Get grounded in your body.
Sitting at a desk or computer for hours isn’t conducive to feeling good in your body, and it can make it all the more tempting to panic when a troublesome thought (What if my client hates this?) rises to the surface. Dr. Pollak says you can get out of your own head by performing a quick body scan before you start working. Begin with your feet: Are they planted on the ground? Are they warm or cold? Then move up your legs and to your spine: Are you sitting up straight? Are you slouching in a way that’ll leave you sore by the evening? Make your way up to your shoulders, neck, and jaw: Are you holding tension or clenching in these areas? Can you relax and soften your muscles here instead?
Performing this “grounding” practice will help you drop into your body and the current moment with greater ease. And starting the morning with this technique will likely make you more aware of your body and what it needs as the day goes on, which will help you remember not only to take breaks for snacks and exercise but to stop working at a reasonable time.

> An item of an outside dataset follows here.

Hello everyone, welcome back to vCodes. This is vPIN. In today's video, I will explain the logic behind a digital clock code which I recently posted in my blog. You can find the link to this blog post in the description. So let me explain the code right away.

Establish a gratitude practice.
The COVID-19 pandemic has cast uncertainty over our lives, jobs, and, well, everything. Dr. Pollak says there’s never been a better time to start adding gratitude to your morning routine. It doesn’t have to be extensive or elaborate. It can be as simple as acknowledging what you have to be thankful for when you wake up: the roof over your head, fresh air, the friends and loved ones you can FaceTime later, the fact that you can hear birds outside your window. Even if you can’t come up with much on your first few tries and struggle to look on the bright side, keep it up. “Practice trains our brains; it trains us out of that negative mindset,” Dr. Pollak says.

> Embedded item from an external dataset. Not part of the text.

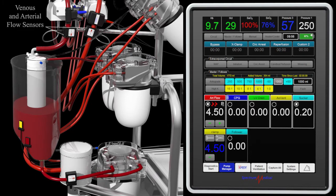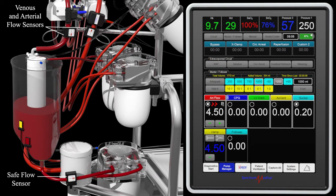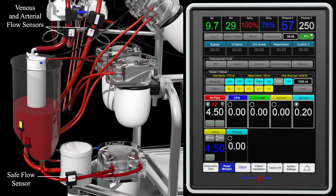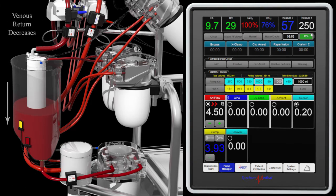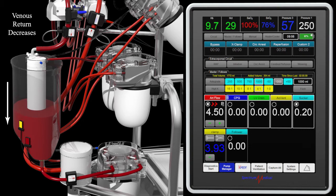However, to prevent the need for a pump stop, if the fluid level drops to the yellow safe flow level sensor, the Workstation slows the arterial flow to match the current venous return flow rate while remembering the original arterial pump target.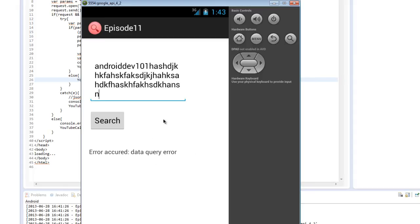And we see it gave an error because the YouTube API returned back an error. And it's really that easy. You can reuse code that's been previously used in other web applications in your Android application for performing these queries. Thank you again for joining us for another webisode of Android Dev 101, taking a further look into the WebView class in Android.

The next time you feel your anxiety spiking, Dr. Pollak says to imagine two stones, right up against each other, so close that, when one stone moves, the other has no choice but to move, too. “If you’re feeling anxious or depressed, that anxious thought can impact you,” she says. “But you can imagine there’s a gap between the two stones, so one stone moves a little or is agitated, but it doesn’t impact anything else.” In other words, if you can create some distance between you and your stress, you can catch it when it starts to bubble up and put it in perspective before it eclipses everything else on your mind.

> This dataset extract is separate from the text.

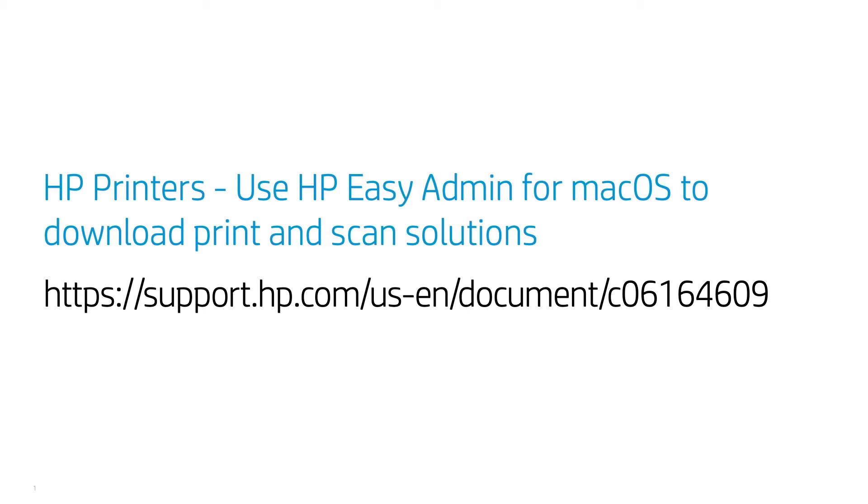There is a knowledge base article covering the use of HP Easy Admin on the HP support website, support.hp.com.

Treat yourself with compassion.
It’s rare that stress, anxieties, and worries are totally unfounded — more often than not, they’re based on real challenges that we encounter in our work. Dr. Pollak says it’s important to acknowledge when you’re dealing with a tight deadline or demanding assignment, for example, and to state openly that these are difficult circumstances. This is not an invitation to complain or berate yourself for getting into this situation in the first place. “Yelling at yourself and beating yourself up is not going to help,” Dr. Pollak says. Instead, be kind and reassure yourself that you’re doing your best with the skills, time, and resources you have. You can even break the work down into steps that feel more manageable for you at the moment. Mindfulness, Dr. Pollak says, affords us the chance to befriend ourselves, as long as we’re willing to hear and meet our emotional needs.